Atlas milling attachment
					

I have for sale a atlas milling attachment in good condition. Milling attachment used to mill slots, keyways or flats on round material in a lathe. This is an original part not the cheap eBay crap...



					sfbay.craigslist.org


----------



## middle.road (Jan 17, 2020)

Funny - I don't see any gold plating...


----------



## Aaron_W (Jan 17, 2020)

I've been seeing this one for at least a month, perhaps longer. The price has been static at $400, it seems like you usually start to see them start to creep down after a few weeks.


----------



## Dabbler (Jan 17, 2020)

I sold mine for 65$.  Near perfect condition -  that's about right.


----------



## DavidR8 (Jan 17, 2020)

Dabbler said:


> I sold mine for 65$. Near perfect condition - that's about right.



Speaking of... 


Sent from my iPhone using Tapatalk


----------



## middle.road (Jan 18, 2020)

Always wanted on for my Logan, I never saw one get below $150, and that's (20) years of casual looking.
$65 was one heck of a bargain, IMO.


----------



## Grinderman (Jan 18, 2020)

Aaron_W said:


> I've been seeing this one for at least a month, perhaps longer. The price has been static at $400, it seems like you usually start to see them start to creep down after a few weeks.

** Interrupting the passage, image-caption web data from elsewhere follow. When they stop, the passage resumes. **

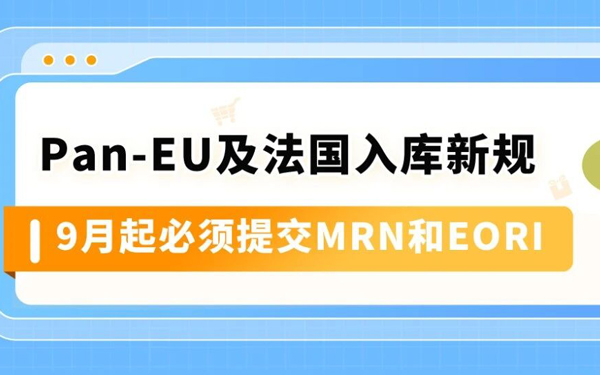 9/1起，通过PAN-EU入库欧盟货件以及直接发往法国的货件必须提供MRN+EORI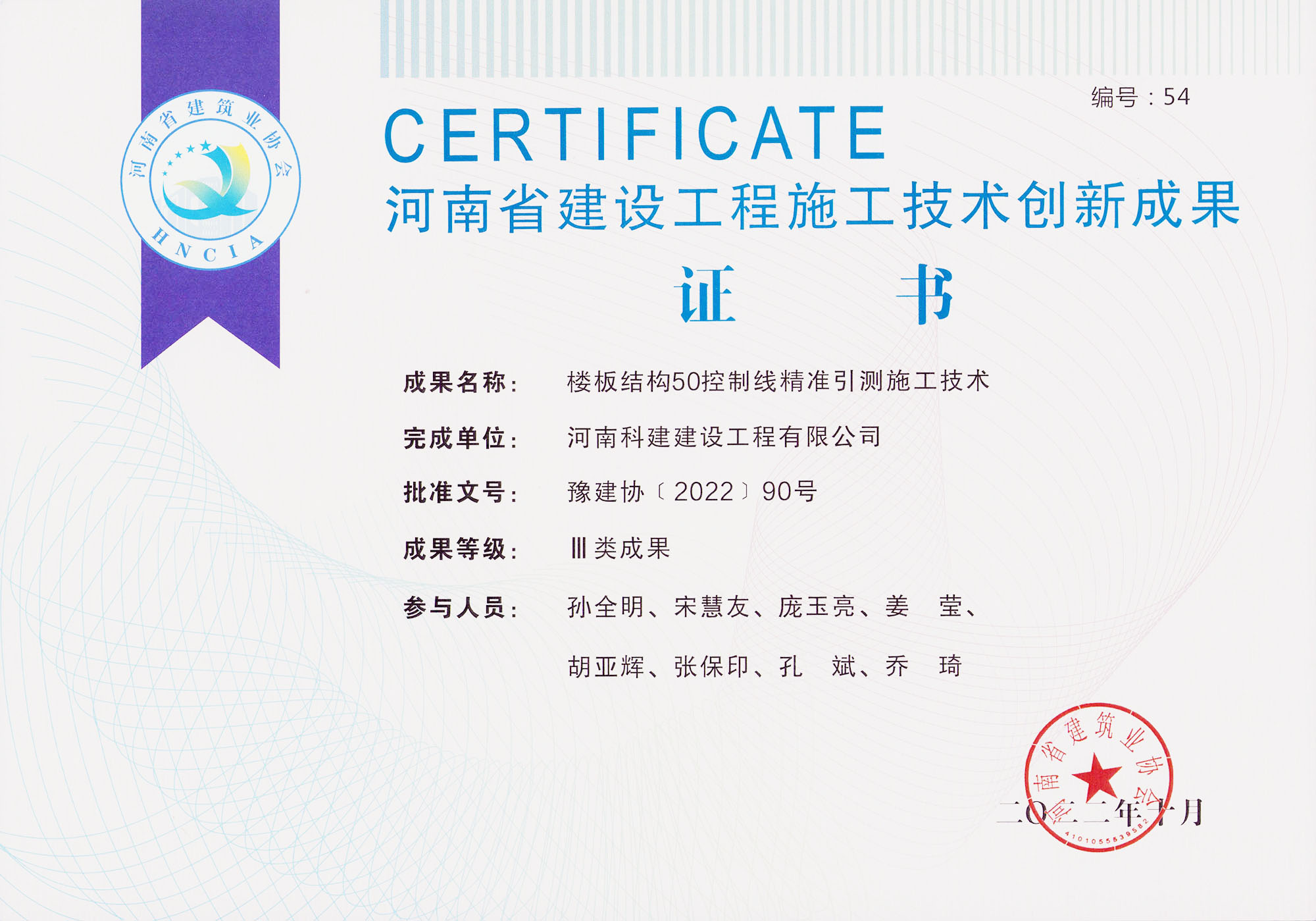 河南省建設(shè)工程施工技術(shù)創(chuàng)新成果-樓板結(jié)構(gòu)50控制線精準引測施工技術(shù)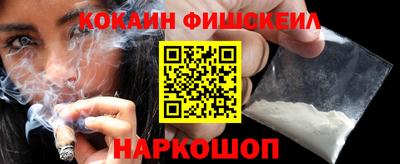 таблы Азнакаево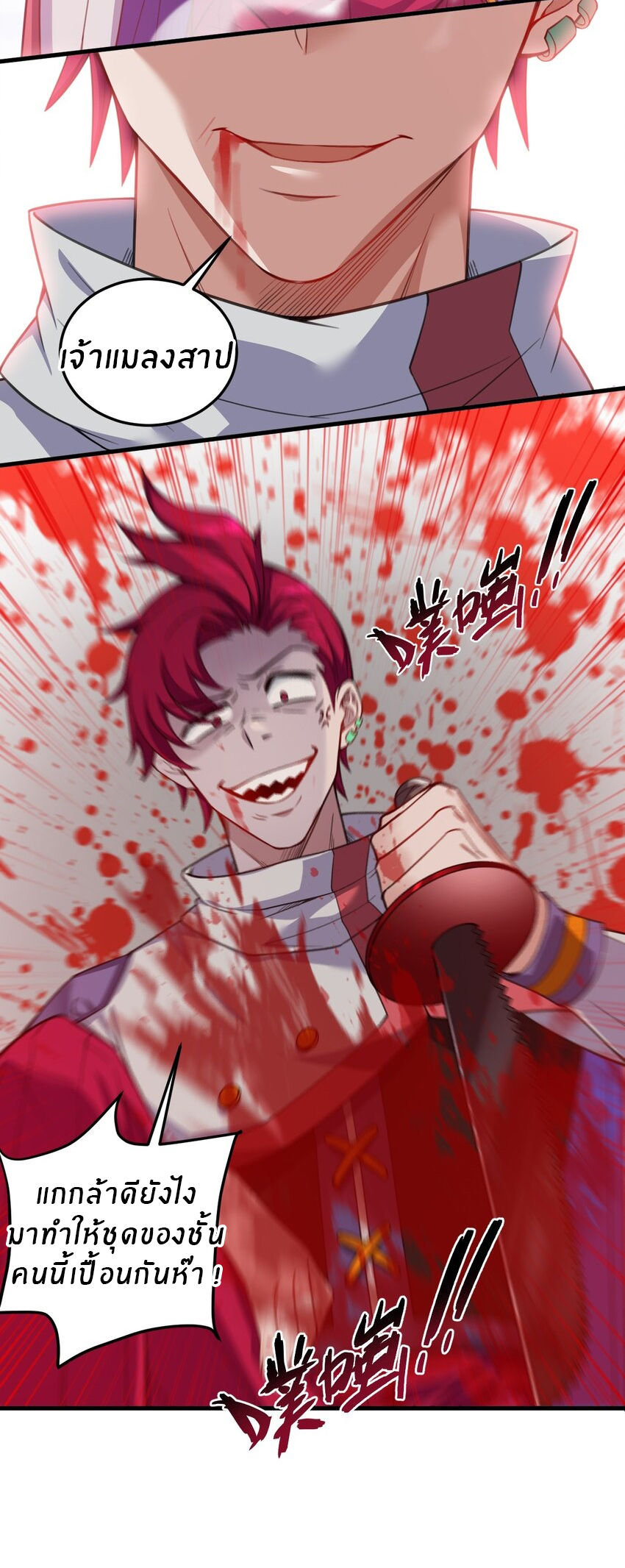 Immortal Me And Eldritch Wife ตอนที่ 26 หน้า 13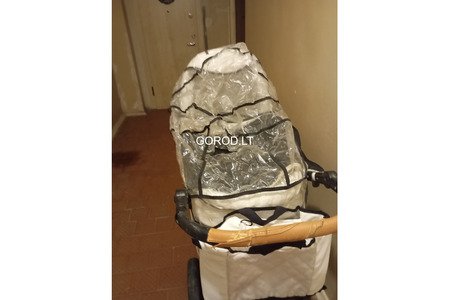 Детская коляска
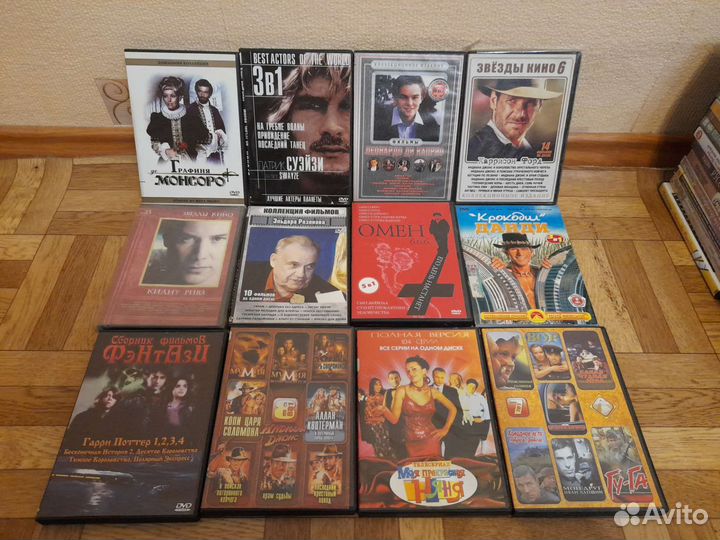 Диски с фильмами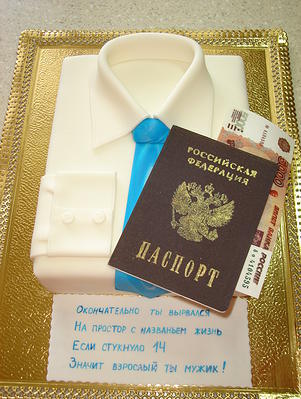 Поздравление Мальчику С Получением Паспорта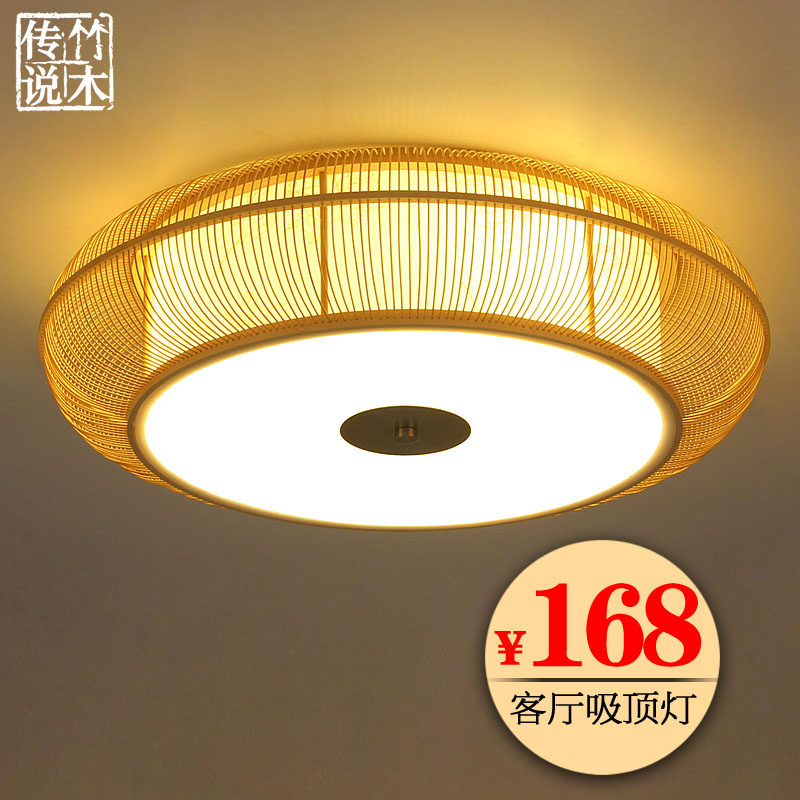 现代中式圆形吸顶灯日式客厅卧室书房灯具 竹编餐厅茶室灯饰竹灯,家装灯饰光源,客厅吸顶灯,淘宝优惠券,粉丝福利购,淘宝优惠卷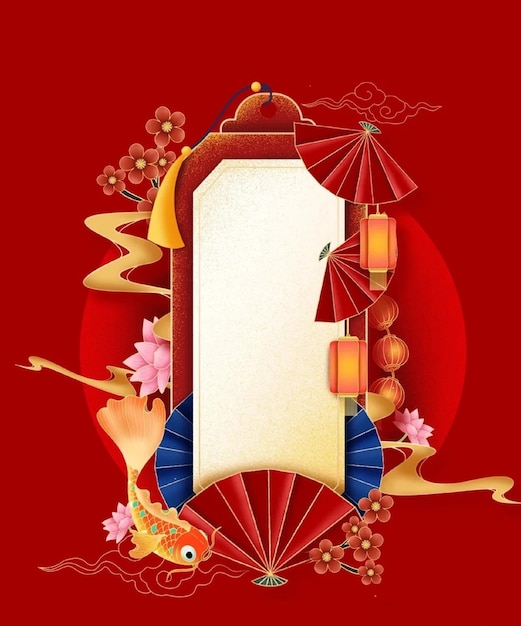 Chinese style art background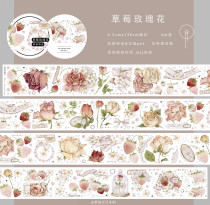 sale 100【梦岛】マスキングテープ maskingtape 草莓玫瑰花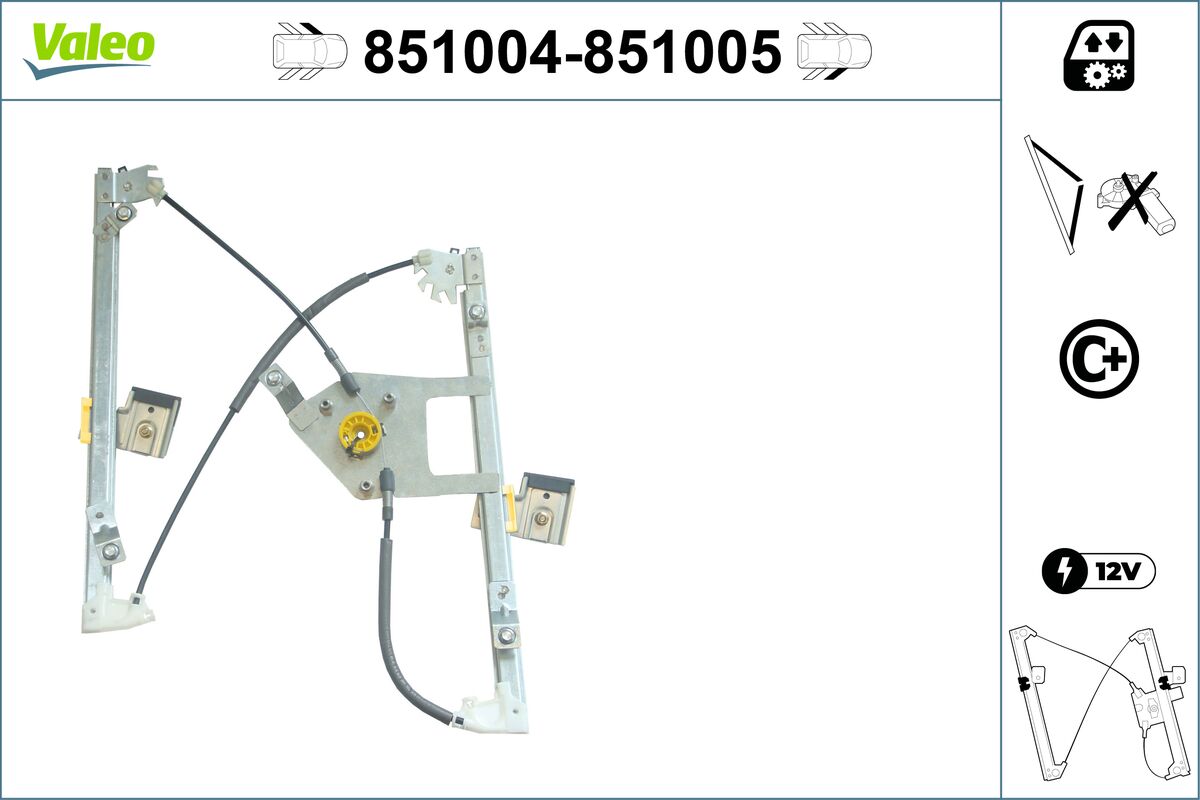 AE MERC CLASSC (04 07) ANT SX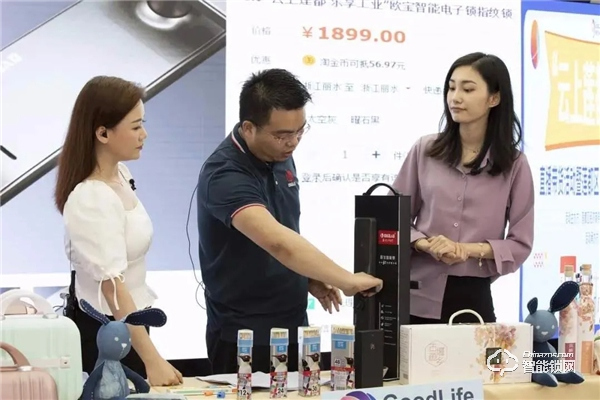 “云上蓮都 樂(lè)享工業(yè)”| 蓮都區(qū)經(jīng)濟(jì)商務(wù)局局長(zhǎng)為蓮都工業(yè)產(chǎn)品直播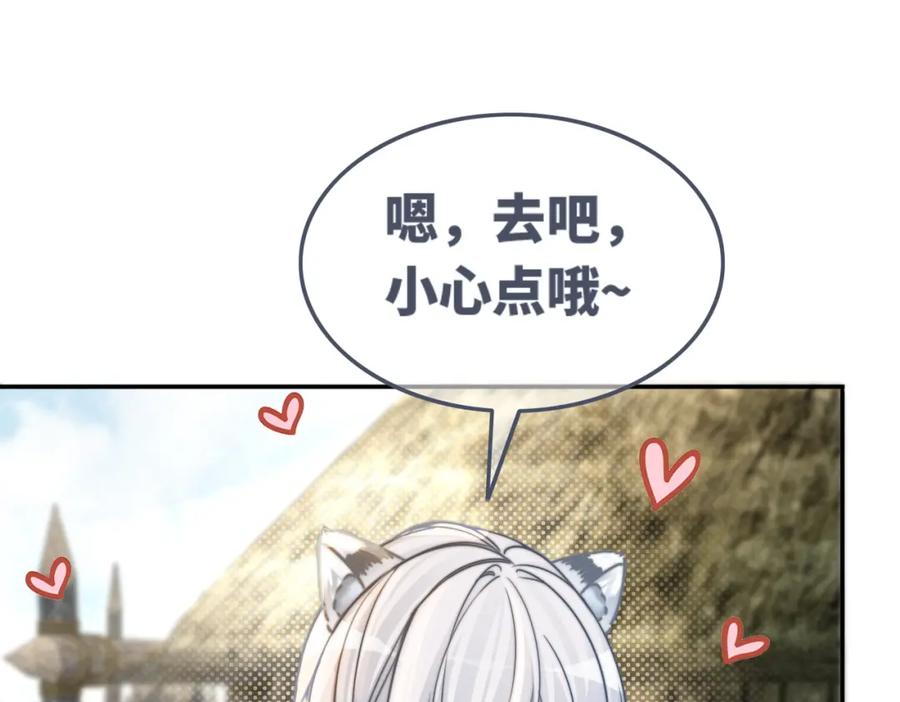 《快穿女配冷静点》第170话 撒糖日常！ 第87页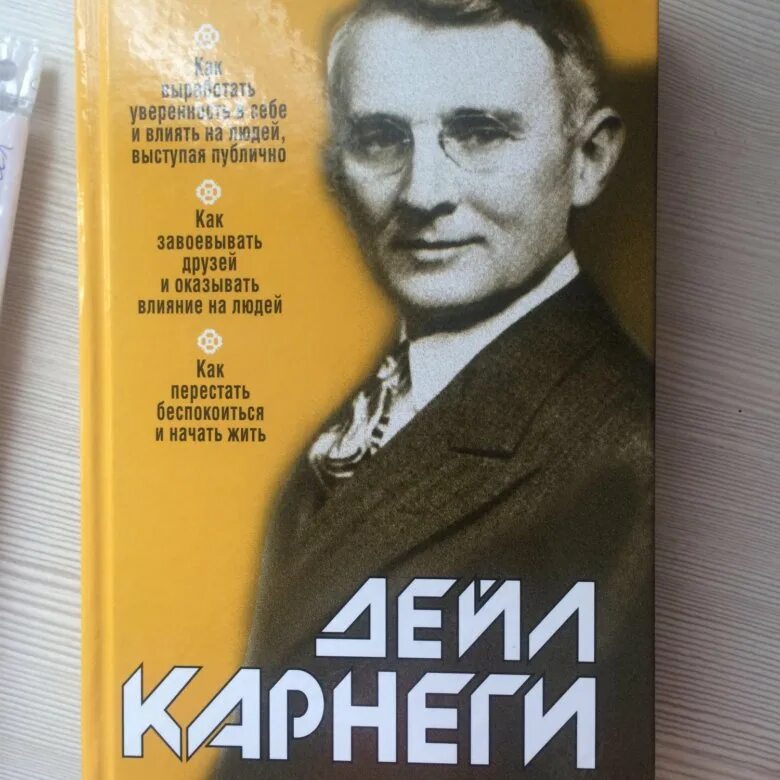 Дейл карнеги полная. Дейл Карнеги 3 в 1. Карнеги книги. Труды Дейла Карнеги. Дейл Карнеги годы жизни.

There was a “rare” atlas micrometer carriage stop on ebay for $220 plus shipping awhile back. I laughed out loud. Now I think it’s down to $190 +.Hopefully nobody buys these things and the sellers get the message.


----------



## Latinrascalrg1 (Jan 18, 2020)

Wow this is the cheapest example of one ive ever seen for sale!  Theres someone in my area that has been trying to sell one for $495 (I believe) that seems to refuses to reduce to a lower price for at least a year now that ive seen it listed!


----------



## Dabbler (Jan 18, 2020)

Those prices are for collectors.  A reasonable price for a good mic stop is 100$  new.


----------



## Grinderman (Jan 18, 2020)

Latinrascalrg1 said:


> Wow this is the cheapest example of one ive ever seen for sale!  Theres someone in my area that has been trying to sell one for $495 (I believe) that seems to refuses to reduce to a lower price for at least a year now that ive seen it listed!


I paid $150 for mine about a year ago and thought that was way too much. I only paid $200 for the whole running lathe about 3 yrs ago.


----------



## Ulma Doctor (Jan 18, 2020)

often, accessories are more expensive than the machine


----------